According to the Gujarat Cotton trading Association (Gujcot), Shankar-6 cotton, the benchmark for exports, was quoted at an average ₹1.025 lakh a candy on Tuesday.
In the global market, benchmark cotton futures dropped a tad on Tuesday to 148.65 cents a pound (₹91,300 a candy) from 150 cents on Monday. Rising demand globally amidst lower supplies is attributed to the rise in prices.
Across the agricultural marketing committee yards from Andhra Pradesh to Gujarat, raw cotton ( kapas) quoted between ₹9,000 and ₹13,500 a quintal against the minimum support price of ₹5,726 a quintal.
According to Gujcot, the pressing of raw cotton into lint increased in April this year to 69.95 lakh bales from 64.27 lakh bales in March, but it was lower than the 85.99 lakh bales pressed in April last year by 18.65 per cent.
Data from Agmarknet showed that between April 1 and May 17, cotton arrivals nearly trebled to 8.45 lakh bales across the country compared with 3.07 lakh bales during the same period a year ago.
Poppat said the data did not reflect the actual situation as farmers were also directly offloading their produce with ginning mills and hence, it could be lower.
Indian cotton prices are ruling at a premium to global prices in view of production being lower than last year, rising demand and non-availability of quality cotton.
The current surge in global price is also attributed to the USDA lowering global production by 1.8 million US bales (227 kg).
Impact of unseasonal rains
“The quality of cotton was affected by unseasonal rains during November-December, which affected the whiteness of the fibre. So, the more white colour you want, the more you need to pay,” said a South India miller based source.
“There are over 1,225 mills which need 360 lakh bales of cotton annually. Our production is short by 30-35 lakh bales. This is the main cause for the rise in prices,” said Maj Gen O P Gulia, Chief Executive Officer, SVP Group. The group runs a modern spinning mill in Jhalwar, Rajasthan, besides a few more in Tamil Nadu.
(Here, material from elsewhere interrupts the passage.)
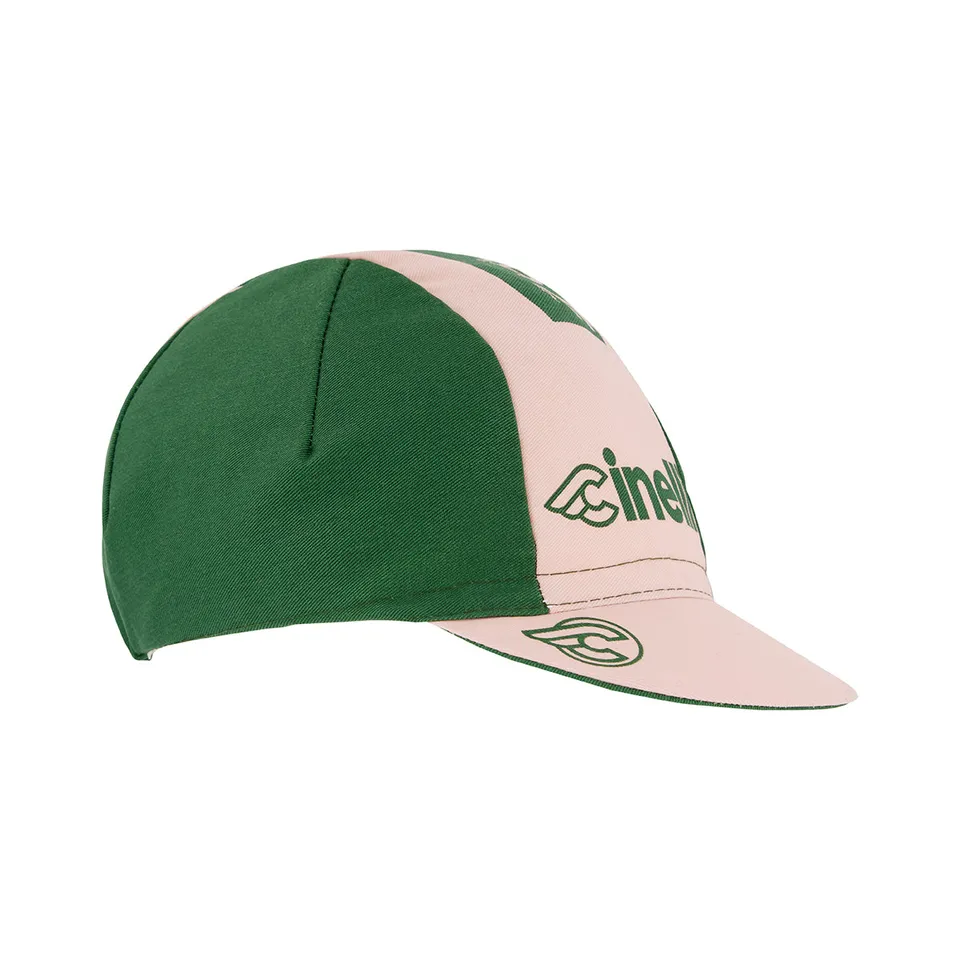 cinelli-cap-pressure-2-green-pink-casquette-cycliste image 1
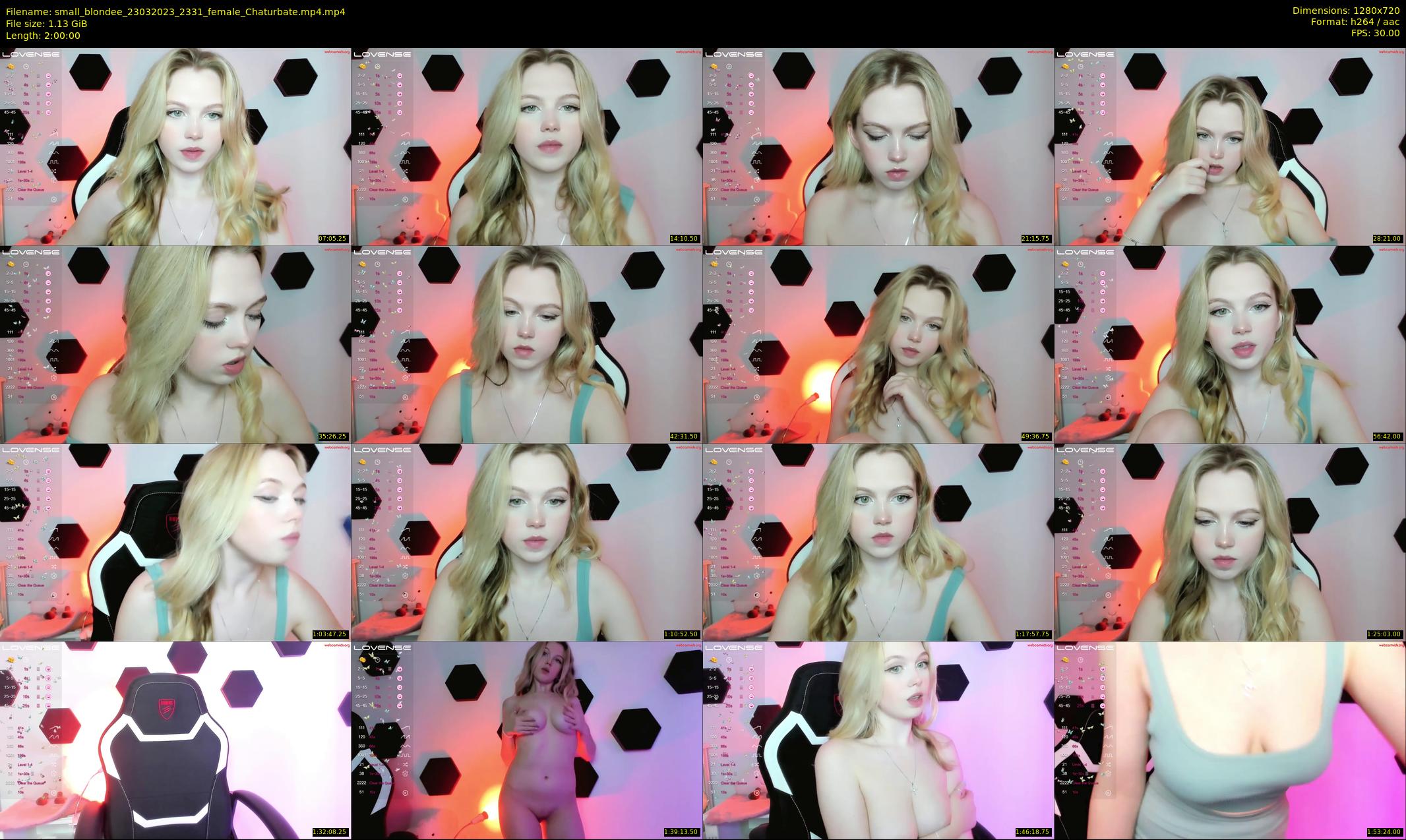 small_blondee — 120 minute Chaturbate female cam show recording, 720p, Mar 23, 2023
According to the Committee on Cotton Production and Consumption (CCPC), a body comprising all stakeholders in the cotton sector, cotton production this season to September is estimated to be 340.62 lakh bales as against 352.48 lakh bales last season. The Cotton Association of India (CAI), an association of traders, projected cotton output at 323.63 lakh bales during the weekend.
Even as the Centre was holding a meeting of the textile industry over the cotton prices situation, industry and trade sources say there is little the Government can do to control the prices since it was a global phenomenon driven by speculators.
The main reason for global prices to rule at a near 11-year high is “on-call sales” which is in the range of 80 lakh bales (170 kg). The USDA, which terms these sales as “unfixed” as prices are fixed only later, said large quantities of the sales for the July contract and low certified stocks have driven up cotton prices.
“The contracts have to be settled in the third week of June. After that, cotton prices will head lower,” said Poppat.
Gulia said duty-free imports were allowed at least two months late and any relief for the textile industry would be around June-July since arrivals of imports are expected only then.
Though a section of the textile industry is blaming cotton exports for the record rise in prices, shipments of the natural fibre are expected to estimated to drop to 40 lakh bales from 77.59 lakh bales.
Also, Indian cotton has been outpriced in the global market in view of the premium it commands.
On the other hand, India is expected to import 18 lakh bales of cotton this season against 11 lakh bales last season, according to the CCPC.